» Work request: Exercise in exact copying: restate word for word only the lines below from the one containing "Hello, it's Thursday!" through the one containing "Huawei Pura 70", omitting any pictures.

» Raw data:

::::

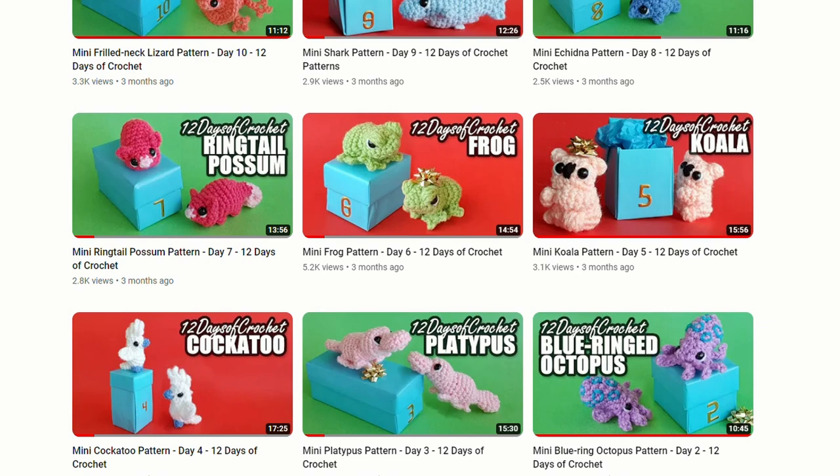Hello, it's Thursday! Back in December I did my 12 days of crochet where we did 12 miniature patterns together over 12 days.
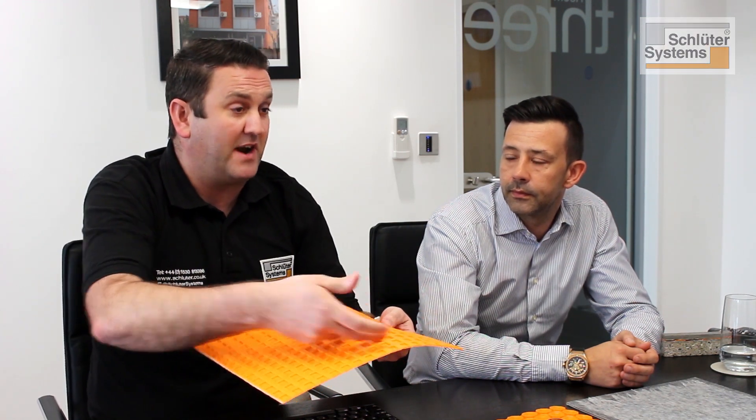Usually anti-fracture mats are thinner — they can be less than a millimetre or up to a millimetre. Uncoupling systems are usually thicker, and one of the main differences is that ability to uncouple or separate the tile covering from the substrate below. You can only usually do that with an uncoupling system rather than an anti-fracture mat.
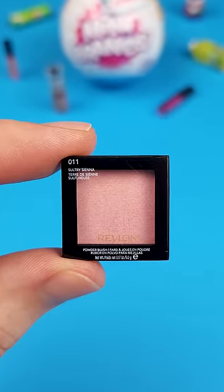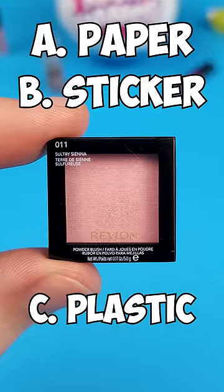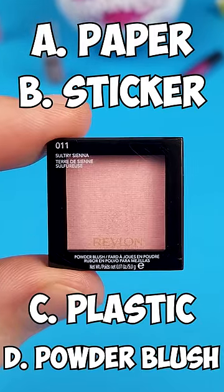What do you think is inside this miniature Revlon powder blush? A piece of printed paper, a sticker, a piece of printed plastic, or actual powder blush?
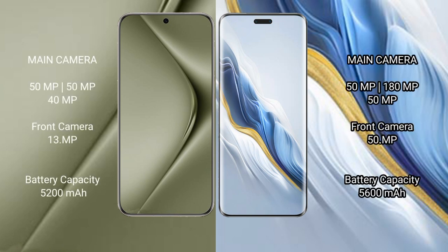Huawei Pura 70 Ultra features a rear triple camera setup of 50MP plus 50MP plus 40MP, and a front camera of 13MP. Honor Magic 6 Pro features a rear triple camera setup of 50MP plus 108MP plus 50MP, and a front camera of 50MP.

::::

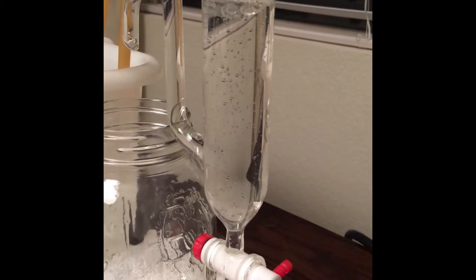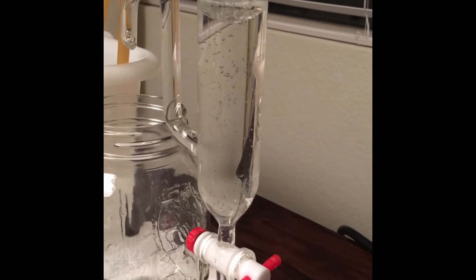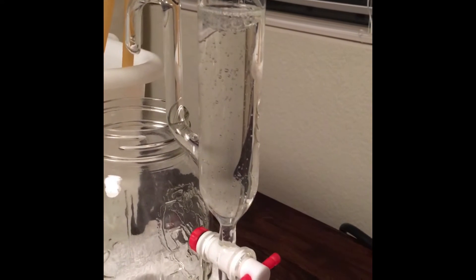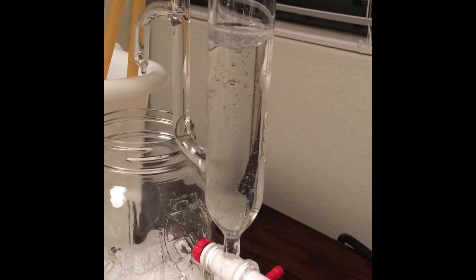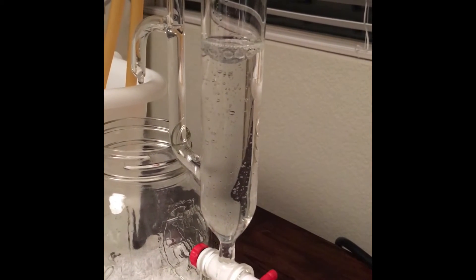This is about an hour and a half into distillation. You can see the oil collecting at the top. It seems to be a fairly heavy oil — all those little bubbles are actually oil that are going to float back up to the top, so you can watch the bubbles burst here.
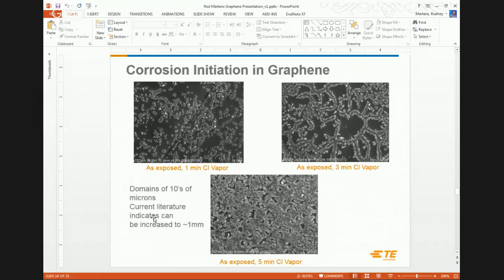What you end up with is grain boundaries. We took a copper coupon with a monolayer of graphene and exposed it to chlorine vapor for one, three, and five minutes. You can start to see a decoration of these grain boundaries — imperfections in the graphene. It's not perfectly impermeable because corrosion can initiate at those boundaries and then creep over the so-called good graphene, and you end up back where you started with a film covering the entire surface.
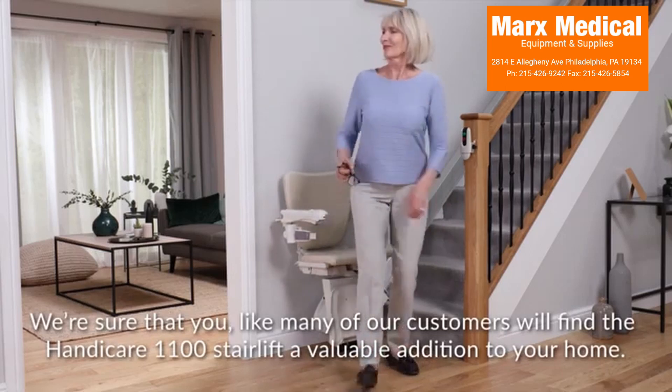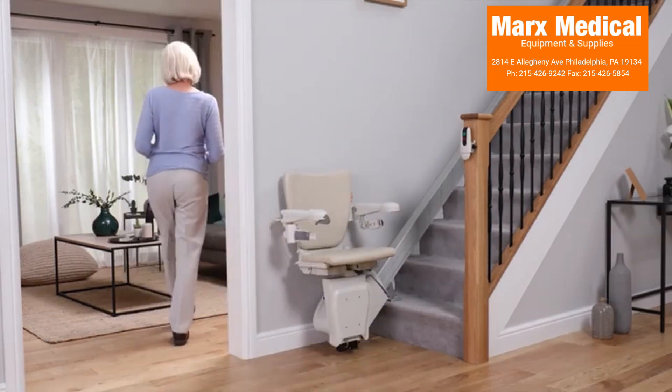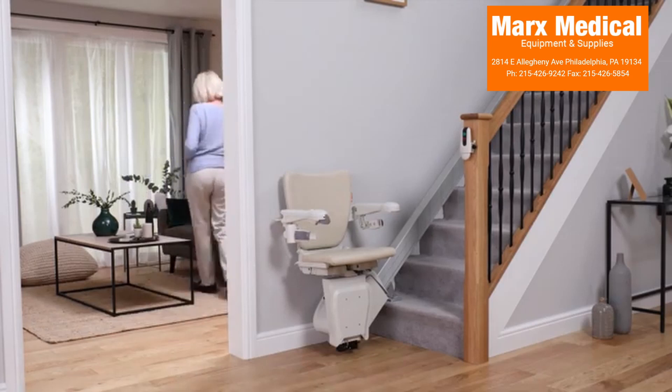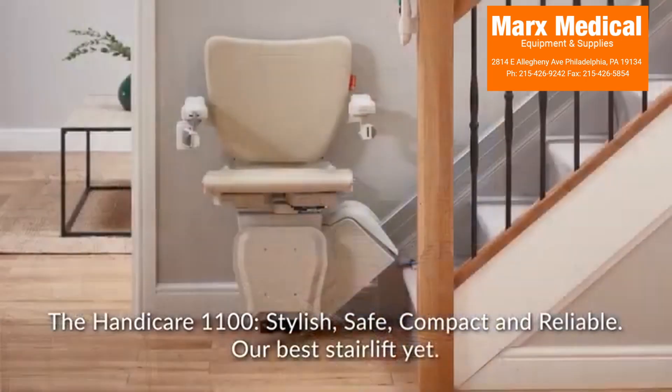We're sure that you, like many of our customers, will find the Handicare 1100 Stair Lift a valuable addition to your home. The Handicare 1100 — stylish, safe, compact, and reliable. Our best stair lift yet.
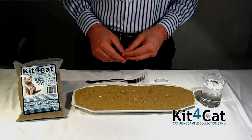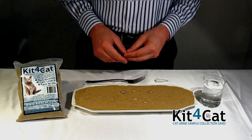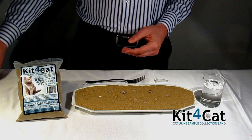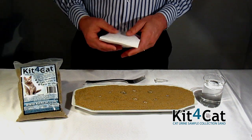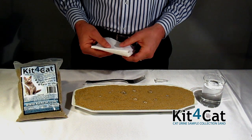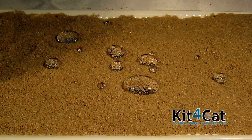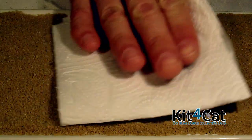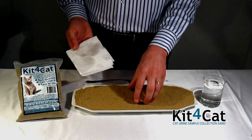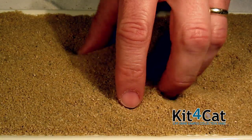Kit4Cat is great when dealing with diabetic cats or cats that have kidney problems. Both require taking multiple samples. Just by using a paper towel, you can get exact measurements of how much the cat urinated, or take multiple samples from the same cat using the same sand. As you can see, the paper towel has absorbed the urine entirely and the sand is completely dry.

::::

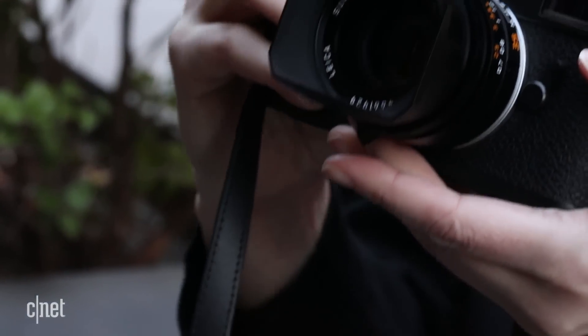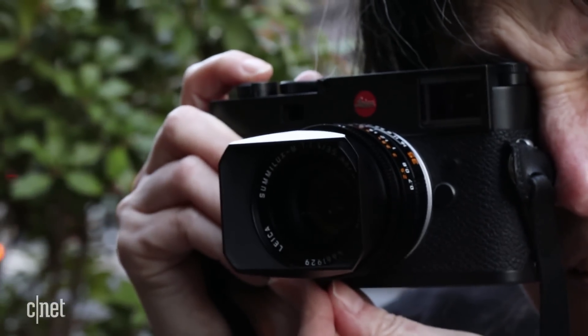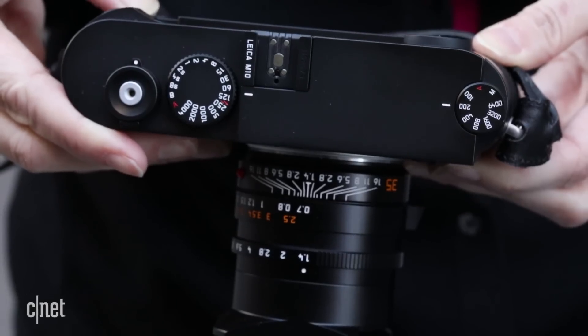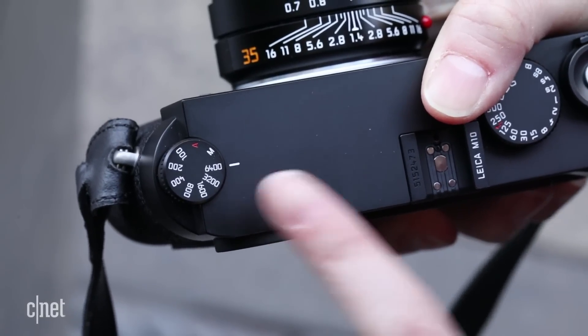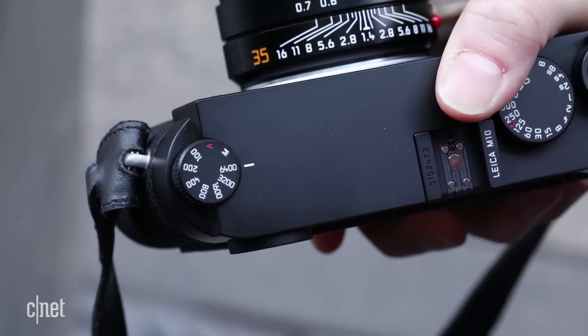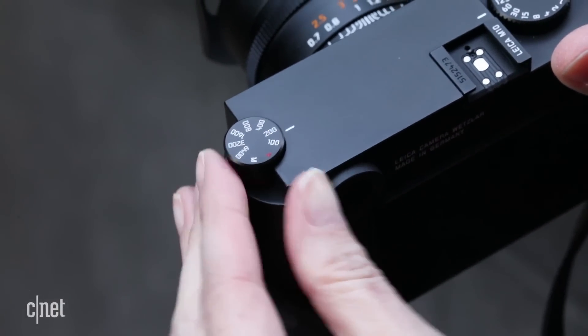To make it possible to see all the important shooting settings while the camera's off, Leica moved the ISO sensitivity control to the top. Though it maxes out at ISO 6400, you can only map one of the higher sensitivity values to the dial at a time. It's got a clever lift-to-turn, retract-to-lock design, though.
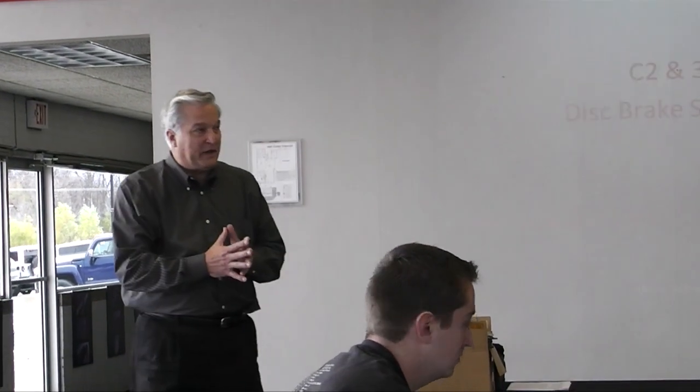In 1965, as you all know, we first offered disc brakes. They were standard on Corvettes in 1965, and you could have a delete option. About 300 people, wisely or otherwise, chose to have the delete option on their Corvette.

::::

» Result below:
Hello, it's Thursday! Back in December I did my 12 days of crochet where we did 12 miniature patterns together over 12 days.
Usually anti-fracture mats are thinner — they can be less than a millimetre or up to a millimetre. Uncoupling systems are usually thicker, and one of the main differences is that ability to uncouple or separate the tile covering from the substrate below. You can only usually do that with an uncoupling system rather than an anti-fracture mat.
What do you think is inside this miniature Revlon powder blush? A piece of printed paper, a sticker, a piece of printed plastic, or actual powder blush?
Huawei Pura 70 Ultra features a rear triple camera setup of 50MP plus 50MP plus 40MP, and a front camera of 13MP. Honor Magic 6 Pro features a rear triple camera setup of 50MP plus 108MP plus 50MP, and a front camera of 50MP.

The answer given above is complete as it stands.